Book Review: Circe

Amazon Cover

Circe by Madeline Miller


In the house of Helios, god of the sun and mightiest of the Titans, a daughter is born. But Circe is a strange child — not powerful, like her father, nor viciously alluring like her mother. Turning to the world of mortals for companionship, she discovers that she does possess power — the power of witchcraft, which can transform rivals into monsters and menace the gods themselves.

Threatened, Zeus banishes her to a deserted island, where she hones her occult craft, tames wild beasts and crosses paths with many of the most famous figures in all of mythology, including the Minotaur, Daedalus and his doomed son Icarus, the murderous Medea, and, of course, wily Odysseus.

But there is danger, too, for a woman who stands alone, and Circe unwittingly draws the wrath of both men and gods, ultimately finding herself pitted against one of the most terrifying and vengeful of the Olympians. To protect what she loves most, Circe must summon all her strength and choose, once and for all, whether she belongs with the gods she is born from, or the mortals she has come to love.
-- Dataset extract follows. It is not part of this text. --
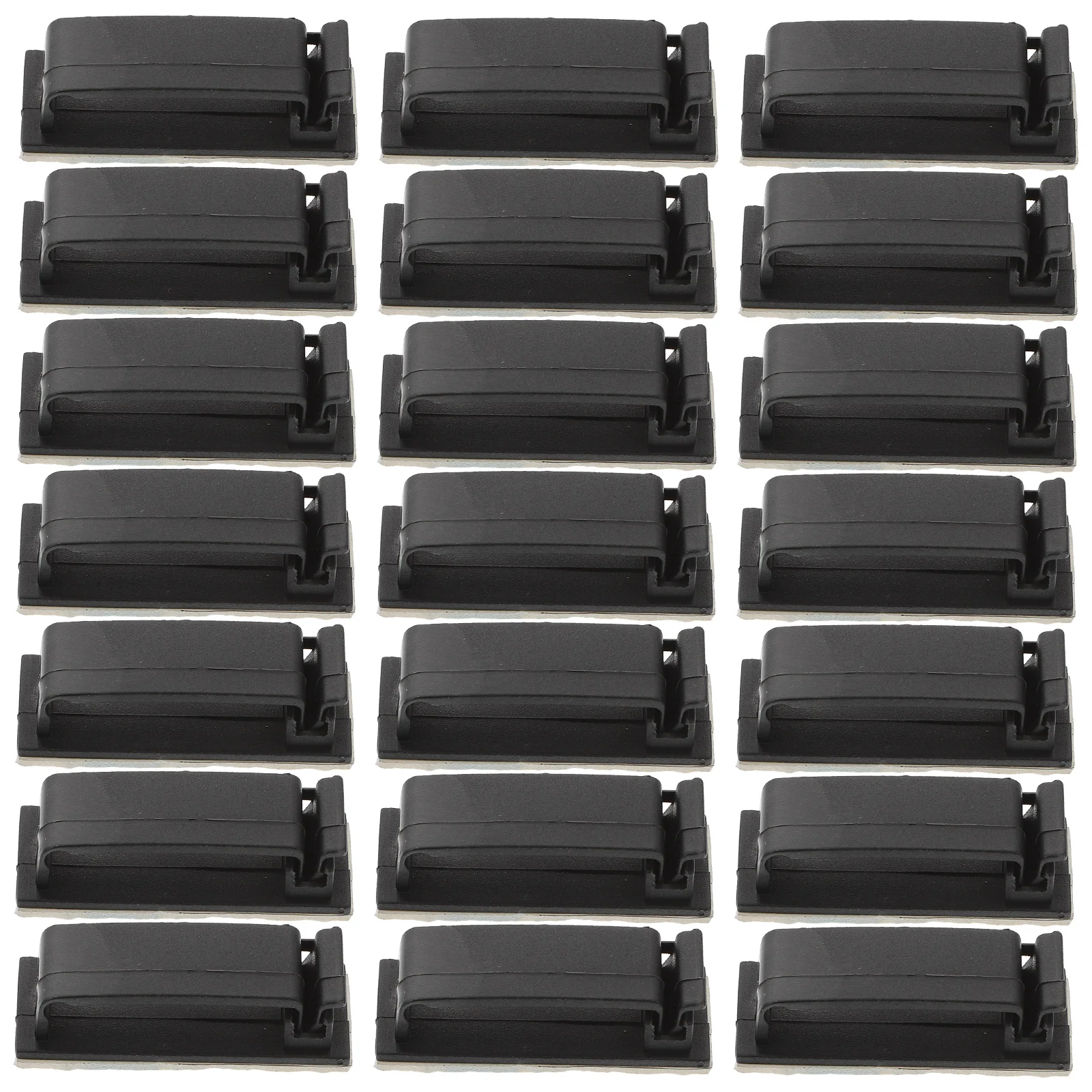 

50 Pcs Wire Cable Fixing Clip Holder Clips Desktop Organizer Management Folder Holders Black Office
With unforgettably vivid characters, mesmerizing language, and page-turning suspense, Circe is a triumph of storytelling, an intoxicating epic of family rivalry, palace intrigue, love and loss, as well as a celebration of indomitable female strength in a man’s world.



Read for Book Club

A coming-of-age story, for someone that takes a thousand years to grow up. While gods might reach adulthood within a few days of being born, they are far from mature. Circe, daughter of Titan and a nymph, is no exception to the rule.

It takes her so looooong to get any agency. That is part coming-of-age, getting and developing agency. And when your family are careless gods who have no bounds, and the child-adult lives in a world where the whim of gods takes agency away from all, cultivating agency can be as helpless as planting seed during hurricane season.

More literary than genre, the book focuses on Circe’s emotional development and back-slides. Lots of mythology is covered from the nature gods to the age of heroes. Beautiful language throughout.

I like to see agency in action, a lot. This story is about developing agency, not using it, so not really my cup of tea. On the other hand, book clubs are great because they make you try new things.